Experience with Airway Management and Sequencing of Repair of Panfacial Fractures: A Single Tertiary Healthcare Appraisal in Najran, Kingdom of Saudi Arabia - A Retrospective Study

Affiliations

Experience with Airway Management and Sequencing of Repair of Panfacial Fractures: A Single Tertiary Healthcare Appraisal in Najran, Kingdom of Saudi Arabia - A Retrospective Study

John Spencer Daniels et al. Ann Maxillofac Surg. 2020 Jul-Dec.

Abstract

Introduction: Special cooperation is required among surgeons and anesthetists in airway management during repair of panfacial fractures, due to problems of shared airway and occlusion. Several methods have been proposed for airway management and sequencing of repair of panfacial fractures.
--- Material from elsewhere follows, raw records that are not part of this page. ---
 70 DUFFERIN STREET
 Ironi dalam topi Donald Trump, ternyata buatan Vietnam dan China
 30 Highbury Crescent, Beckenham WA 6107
The main objective of the current study was to share our experience in the airway management and sequencing of repair of panfacial fractures.

Methods: This was a retrospective study of panfacial fractures in the Kingdom of Saudi Arabia from January 2008 to December 2018. Data collected included demographics, type of airway management, sequence of repair (as primary variables), and outcome of surgery (secondary variable), while surgeon and anesthetic expertise are confounders. Data were analyzed using IBM SPSS Statistics for Windows Version 25 (Armonk, NY, USA: IBM Corp). Results were presented as simple frequencies and descriptive statistics. Pearson Chi-square was used to compare categorical variables such as airway management and sequencing of repair with the panfacial fractures. Statistical significance was set at P ≤ 0.05.
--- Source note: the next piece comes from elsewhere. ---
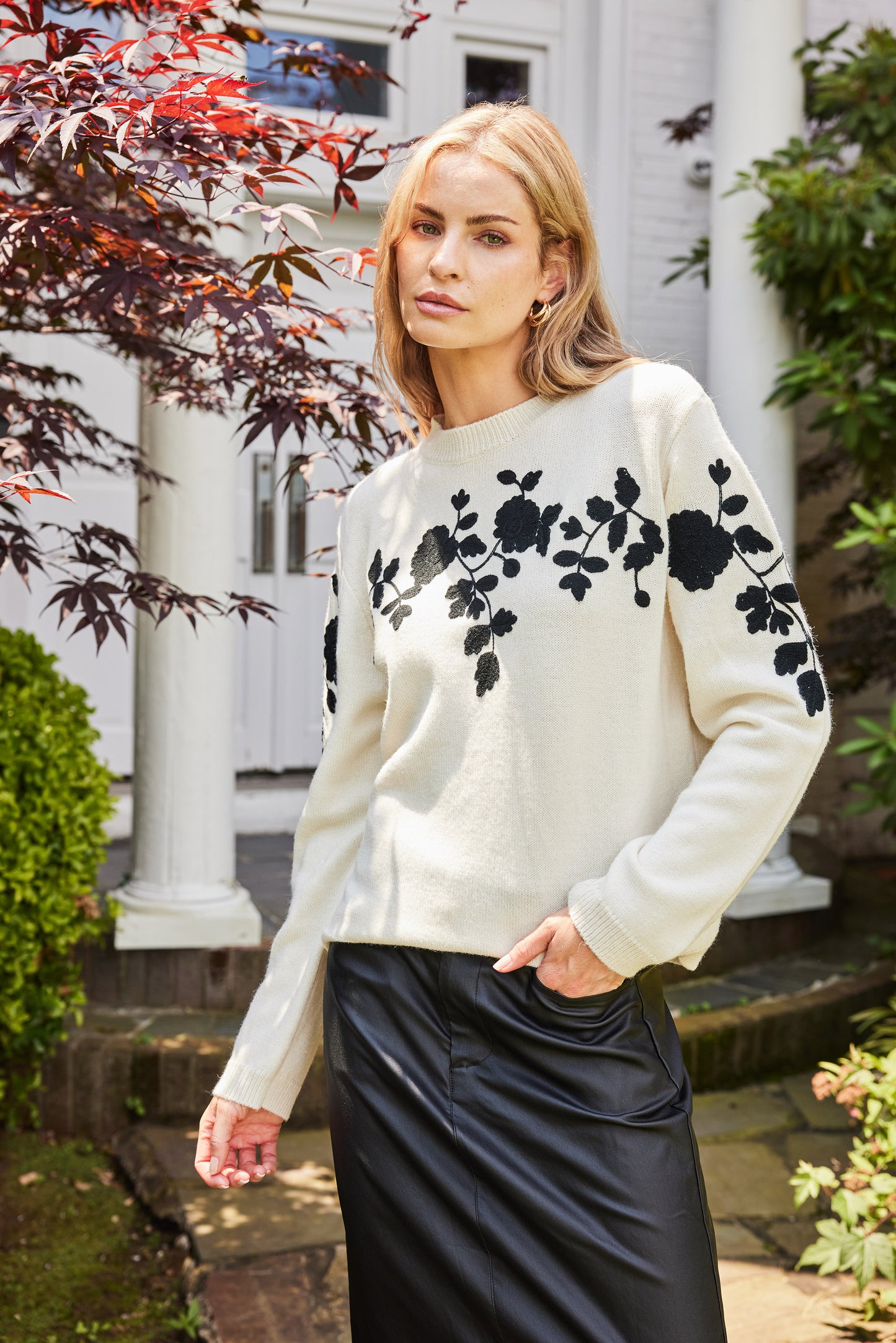 ELARA SWEATER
Results: Overall, 1057 patients sustained different categories of maxillofacial bone fractures with 23 females and 1034 males (M:F of 46:1). A total of 43 male patients out of 1057 patients had panfacial fractures during the study period, giving a prevalence rate of 4.1%. Only the 43 male patients with panfacial fractures were analyzed. All cases were as a result of motor vehicular accident. Six (13.9%) patients had tracheostomy while 37 (86.1%) patients had submental intubation. "Bottom-up" and "outside-in" approach was used in 33 (76.7%) patients, while "top-bottom" and "inside-out" approach was used in 10 (23.3%) patients.

Discussion: Submental intubation was the major airway management of panfacial fracture, and "bottom-up" and "outside-in" approach was the main sequence of repair in our series. These approaches have been mentioned in the literature.

Conclusion: From our study, victims of pan-facial fractures were found to be exclusively male with MVA as the sole etiological factor. Barring severe head injuries, which may necessitate the use of tracheostomy to sustain breathing over a longer period, submental intubation is extremely reliable as a mode of airway management during surgical treatment of panfacial fractures. The sequencing of repair of panfacial fractures can only be determined according to the case presentation rather than a predetermined one.

Keywords: Airway; fracture; panfacial; submental; tracheostomy.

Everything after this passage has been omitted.